→ **WHAT YOU ARE ASKED TO DO**:
Give back exactly the lines from the one that includes "Halloween-streich-Requisite: Simulierter Hochspannungsschalter" to the last line below, both included, and no further lines.
----- SUPPLIED RECORDS -----
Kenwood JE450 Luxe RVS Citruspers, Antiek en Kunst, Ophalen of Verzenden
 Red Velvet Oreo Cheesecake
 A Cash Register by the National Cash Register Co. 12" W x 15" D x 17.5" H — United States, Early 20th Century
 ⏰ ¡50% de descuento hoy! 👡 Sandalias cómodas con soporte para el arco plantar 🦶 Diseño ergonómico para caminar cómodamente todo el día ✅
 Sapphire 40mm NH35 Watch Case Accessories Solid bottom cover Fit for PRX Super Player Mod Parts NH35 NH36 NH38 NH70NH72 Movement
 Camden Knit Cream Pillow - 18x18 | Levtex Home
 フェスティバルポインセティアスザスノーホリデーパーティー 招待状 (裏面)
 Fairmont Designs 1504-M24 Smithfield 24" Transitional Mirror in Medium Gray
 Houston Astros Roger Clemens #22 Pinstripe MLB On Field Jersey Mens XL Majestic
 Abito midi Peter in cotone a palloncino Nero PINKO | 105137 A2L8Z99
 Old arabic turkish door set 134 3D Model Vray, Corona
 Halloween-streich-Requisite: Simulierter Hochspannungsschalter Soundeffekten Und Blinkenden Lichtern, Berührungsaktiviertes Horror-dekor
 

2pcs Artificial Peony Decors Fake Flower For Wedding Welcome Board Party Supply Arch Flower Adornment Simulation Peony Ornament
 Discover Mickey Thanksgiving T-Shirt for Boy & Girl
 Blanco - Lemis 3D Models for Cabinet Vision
-----
→ **RESULT OF THE EXERCISE**:
 Halloween-streich-Requisite: Simulierter Hochspannungsschalter Soundeffekten Und Blinkenden Lichtern, Berührungsaktiviertes Horror-dekor
 

2pcs Artificial Peony Decors Fake Flower For Wedding Welcome Board Party Supply Arch Flower Adornment Simulation Peony Ornament
 Discover Mickey Thanksgiving T-Shirt for Boy & Girl
 Blanco - Lemis 3D Models for Cabinet Vision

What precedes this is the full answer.